Baliho Kaesang Pangarep sebagai Ketum PSI bertebaran di Subang, Jabar. Lalu warganet tak hanya menyoal biaya tetapi pajak reklame. Soal pajak, jawabannya jelas: peraga promosional kegiatan politik dikecualikan dari pajak reklame (¬ Pasal 60 ayat 3 huruf e UU No. 1 Tahun 2022).
Lalu kenapa baliho atau apapun namanya, pokoknya bergambar Kaesang PSI, jadi masalah? Soal konteks. Ada faktor sentimen negatif masyarakat.

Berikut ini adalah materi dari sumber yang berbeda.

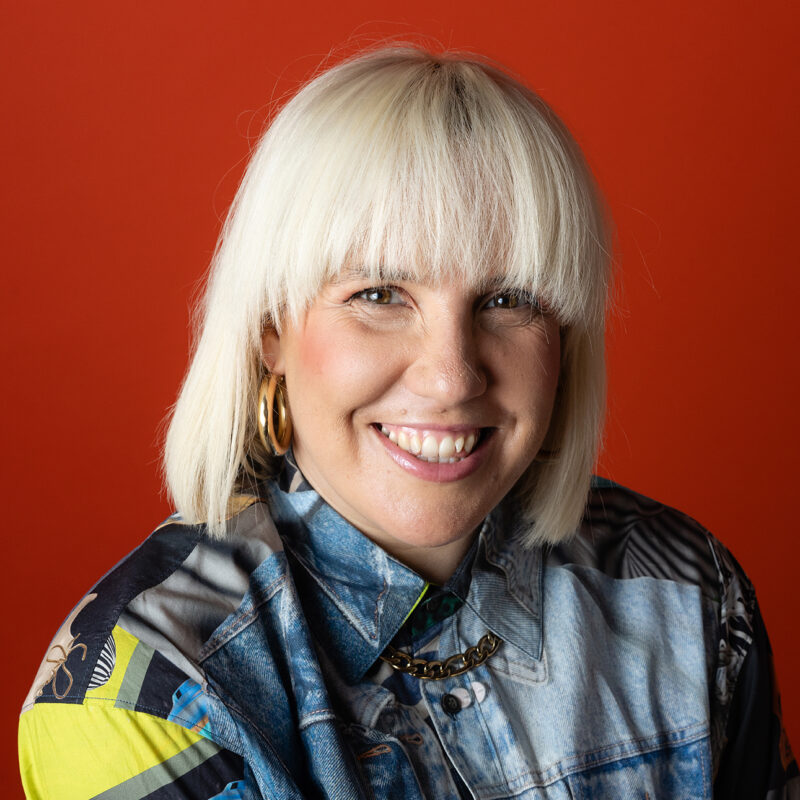 Portrait of Sarah Blanc smiling at the camera against a red background. She has blonde hair with a straight fringe and wears large hoop earrings, a patterned shirt and denim jacket with a chain necklace.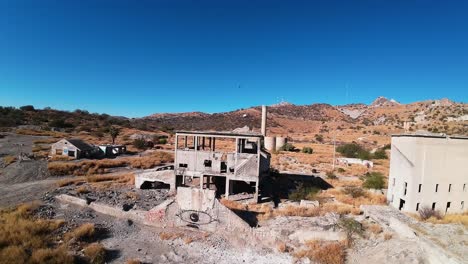 drone flies over ruined building where airsoft sport is practiced and several people dressed in military equipment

Saya mencoba berjarak, kira-kira begini tilikan saya:
- Sebelum Kaesang secara instan menjadi Ketum PSI, peraga kampanye politik sudah lumrah di kota, kabupaten, ibu kota provinsi, sampai ibu kota negara
- Jalur kilat Kaesang memimpin partai ditanggapi sinis oleh sebagian masyarakat, terutama di luar PSI maupun di luar pengurus partai lain yang sedang membutuhkan dan atau dibutuhkan PSI
- Kaesang laku secara politis karena dia putra Presiden Jokowi, dia bukan sekadar anak muda yang populer — tak seperti bapaknya saat belia, tak tenar dan bukan anak tokoh
- Saat yang sama, naiknya Kaesang, lalu kedekatan PSI dengan Prabowo Subianto yang dulu sering dinilai jelek oleh partai itu, beriringan dengan proses Gibran Rakabuming menuju jalan cawapres bagi Prabowo melalui Mahkamah Konstitusi
- Maka citra anak-anak Jokowi, bahkan Jokowi sendiri, pun buram di mata kaum yang selama ini puas terhadap capaian sang presiden
Singkat kata: sudah nasib Kaesang, pun Gibran, bahkan bapak mereka, menjadi tumpuan kesalahan. Menyoal pajak reklame baliho adalah salah satu contoh.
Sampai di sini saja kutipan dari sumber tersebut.